The NDP remains stuck, still working to find relevance beyond its existing coalition, even as Marit Stiles posts a positive net impression. The Liberals, for their part, look like a party with potential but no clear vessel to carry it. With leadership uncertainty hanging over them and the Bonnie Crombie’s favourability under water, the path back is not simply about policy. It is about definition, credibility, and a sense that the party has turned a page.

At the same time, the risk for Ford is visible and it is growing. The desire for change is rising, and it is rising in a way that is not tethered to any one opposition party. Nearly half now say it is definitely time for a change, and that number has been climbing since the fall. That is not noise. That is a signal.

What keeps the government safe for now is that there is no alternative to Ford. Ontarians may be more dissatisfied with the direction of the province, but they are not yet persuaded that someone else would do better. A large undecided block on preferred premier is not just voter disengagement. It is suspended judgement.

And then there are the minefields, the policy arena where governments lose altitude.

On housing, cost of living, homelessness, and health care access and wait times, the public is not just pessimistic. It is leaning toward blaming the Ford government for making things worse.

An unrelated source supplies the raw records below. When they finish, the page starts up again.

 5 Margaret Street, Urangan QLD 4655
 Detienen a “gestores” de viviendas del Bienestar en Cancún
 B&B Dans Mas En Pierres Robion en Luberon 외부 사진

Even PC supporters are not giving the government the benefit of the doubt on those issues. That the PC coalition is collapsing, but it does mean the PCs are increasingly governing over a landscape of unresolved problems with high emotional and financial stakes.

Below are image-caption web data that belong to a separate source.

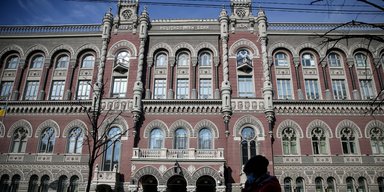 Инфляция не стоит на месте: в НБУ объяснили, что происходит с ценами в Украине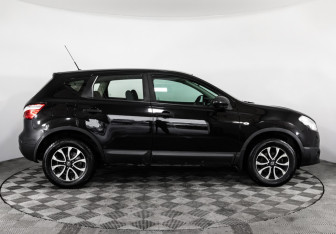 Подержанный автомобиль Nissan Qashqai 2010 года (4 фото)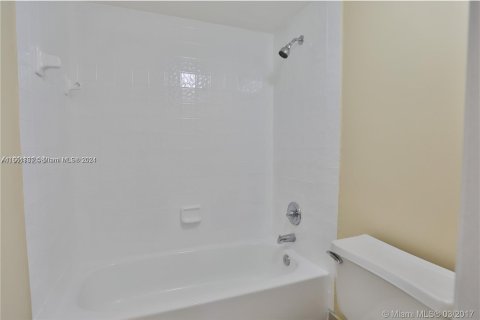 Condo in Miami, Florida, 3 bedrooms  № 1369180 - photo 9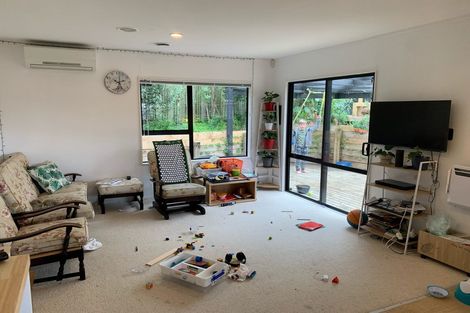 Photo of property in 1/1 Tern Place, Unsworth Heights, Auckland, 0632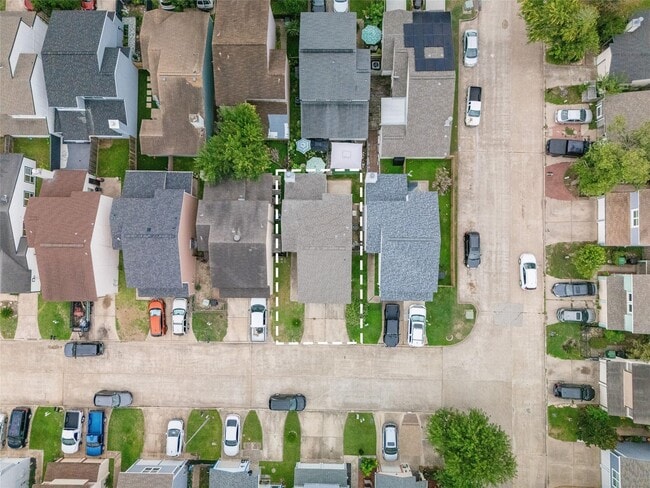 Building Photo - 10327 Gladewood Dr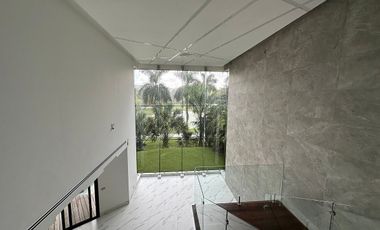 Casa en renta con vista a campo y lago en la privada Kilil, Yucatán Country Club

The most important political dynamic to watch in 2026 is whether the opposition can finally attach itself to the change mood, and whether Ford can prevent that by shifting the agenda to terrain that suits him.

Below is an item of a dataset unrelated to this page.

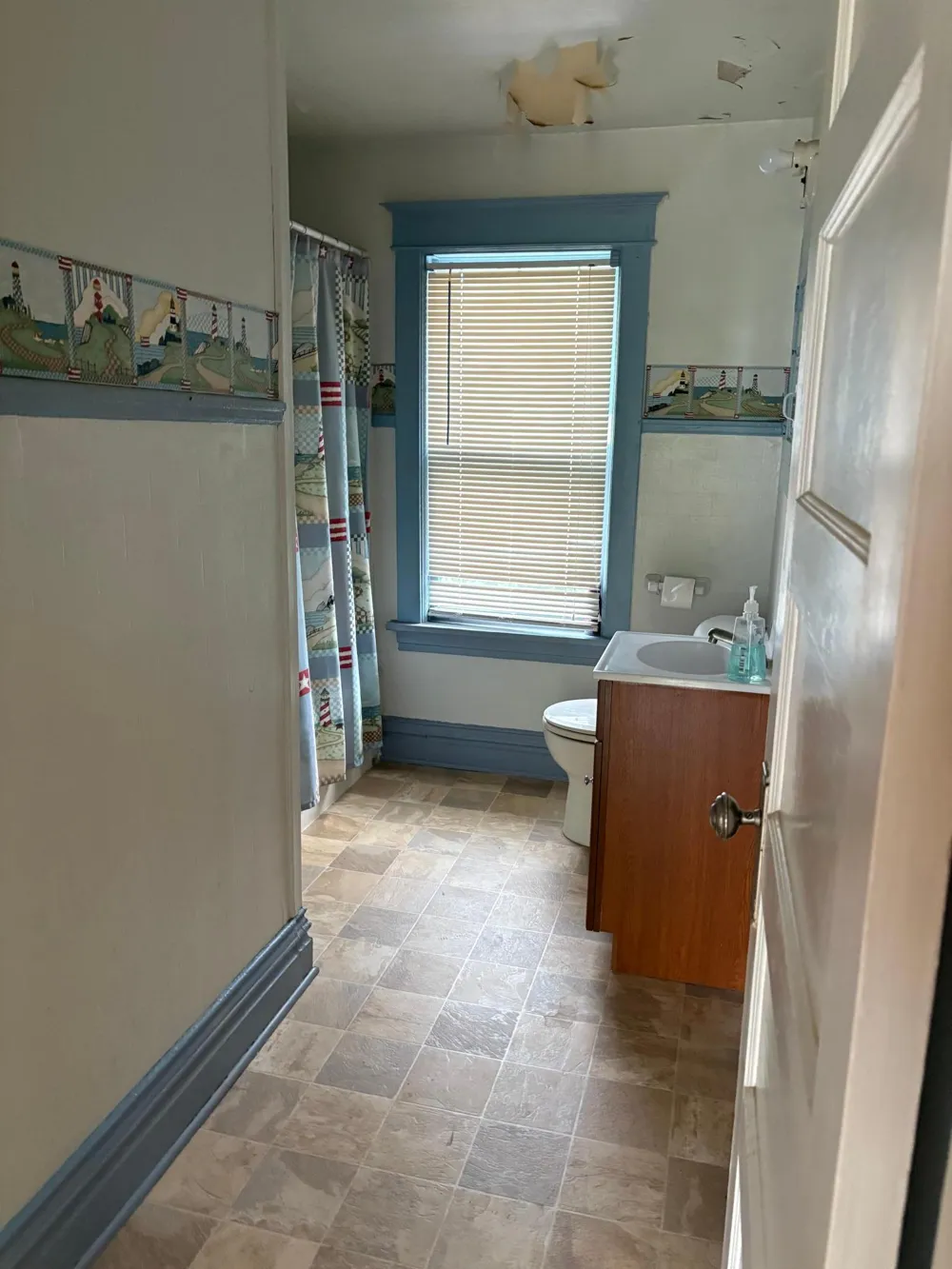 1117 E 10th Street Duluth, MN 55805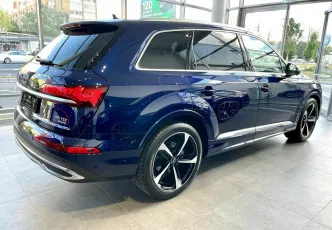 Audi  2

Standing up to external threats, like Trump-era economic risk, and projecting competence on infrastructure and power supply are areas where he has room to manoeuvre. The affordability and health care file is where the danger lives. It is where perceptions are hardened, where progress is slow, and where mistakes are felt immediately.

Methodology

The survey was conducted with 1,006 eligible voters in Ontario from January 9 to 13, 2026. A random sample of panelists were invited to complete the survey from a set of partner panels based on the Lucid exchange platform.

These partners are typically double opt-in survey panels, blended to manage out potential skews in the data from a single source.

The margin of error for a comparable probability-based random sample of the same size is plus or minus 3.1 per cent, 19 times out of 20. The data were weighted according to census data to ensure that the sample matched Ontario’s population according to age, gender, educational attainment, and region. Totals may not add up to 100 due to rounding.

This survey was paid for by Abacus Data Inc.

Abacus Data follows the CRIC Public Opinion Research Standards and Disclosure Requirements.